It never ceases to irritate me even after a decade in Europe: this tendency, in many European languages, to spell Gandhi as “Ghandi”. But there is a point to it. And once you get the point, you will also get the strengths and weaknesses of Joseph Lelyveld’s Great Soul: Mahatma Gandhi and His Struggle with India.
Much of the controversy over the book in India had to do with Lelyveld’s depiction of the relationship of the Mahatma with Hermann Kallenbach, lifelong bachelor and body-builder. Though Lelyveld denied that his book claimed Gandhi was bisexual, it is clear that the book highlights a complex sexuality, with reference to that particular relationship.
But the point is not whether such a suggestion is valid or not. The book, in many ways, is an interesting study of a fascinating man. It is also not hostile to either Gandhi or India. It has a number of strengths, and only one major weakness: It is a book about Ghandi.

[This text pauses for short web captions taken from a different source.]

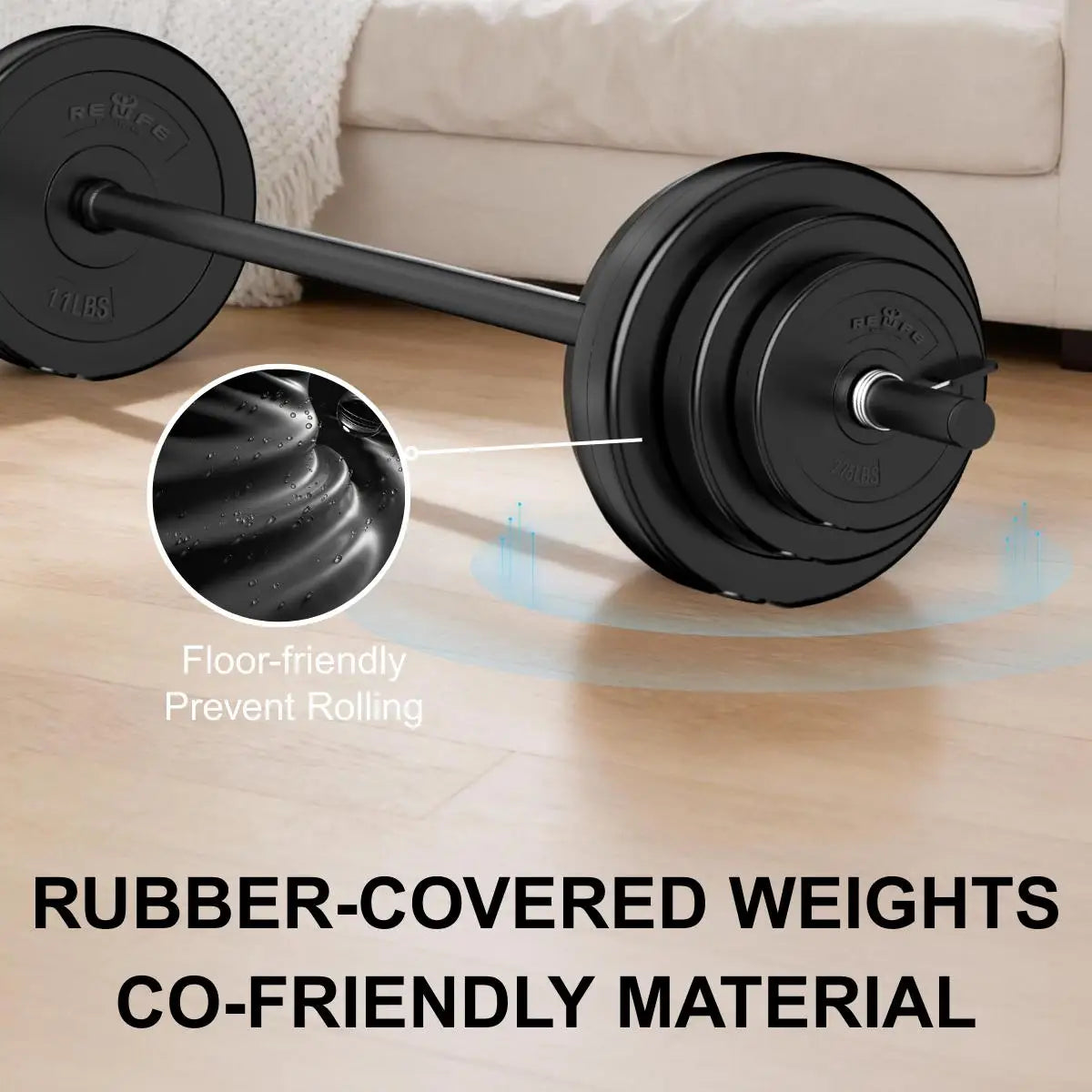 Adjustable Barbell Set 45 Lb Weight Bar For Strength Training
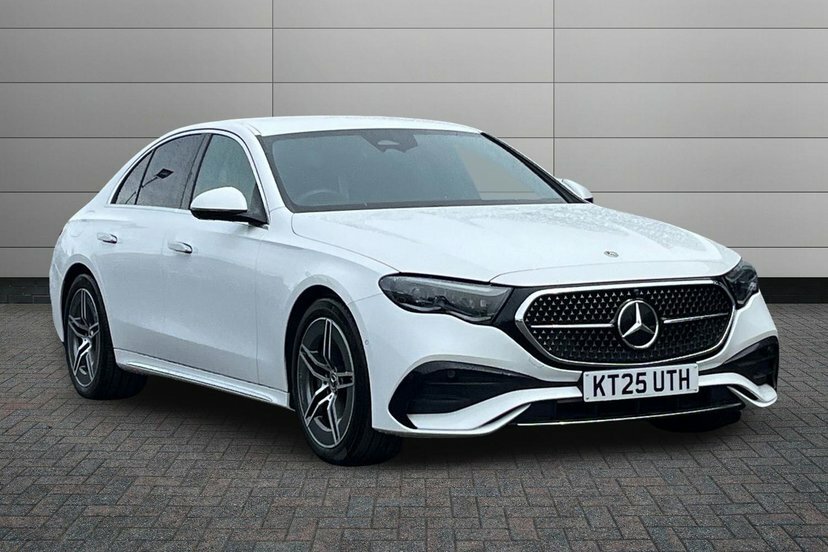 Mercedes-Benz E Class 2.0 E220dh Mhev Amg Line Advanced Saloon Die KT25UTH White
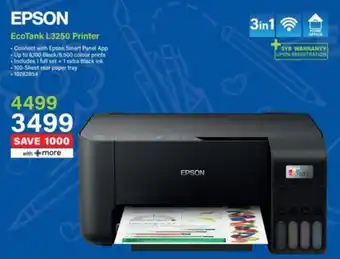 Incredible Connection EPSON EcoTank L3250 Printer offer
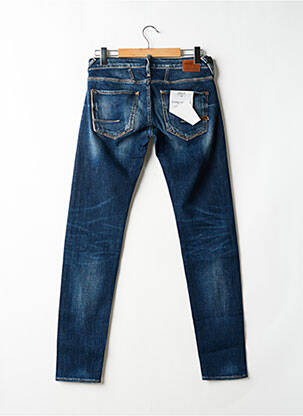 Jeans coupe slim fermeture boutonnée sur le devant taille normale bleu LE TEMPS DES CERISES homme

Faux name: ‘Ghandi’ is not meant as an insult to Gandhi. Wikimedia Commons
Take, for instance, even such a relatively simple matter as the growth of Gandhiji’s opposition to the caste system in South Africa. The initial pages trace this, implicitly, to a number of factors, all of which were valid and all of which—including the influence of Christian proselytisers—are West-facing. It fails to comment on the fact, noted but not developed, of the Bhakti and even Jain influence on Gandhi (and his family) or that Gandhi had been brought to South Africa to represent a group of Muslim businessmen. Both these factors are central to an understanding of Gandhi’s evolving scepticism about the caste system.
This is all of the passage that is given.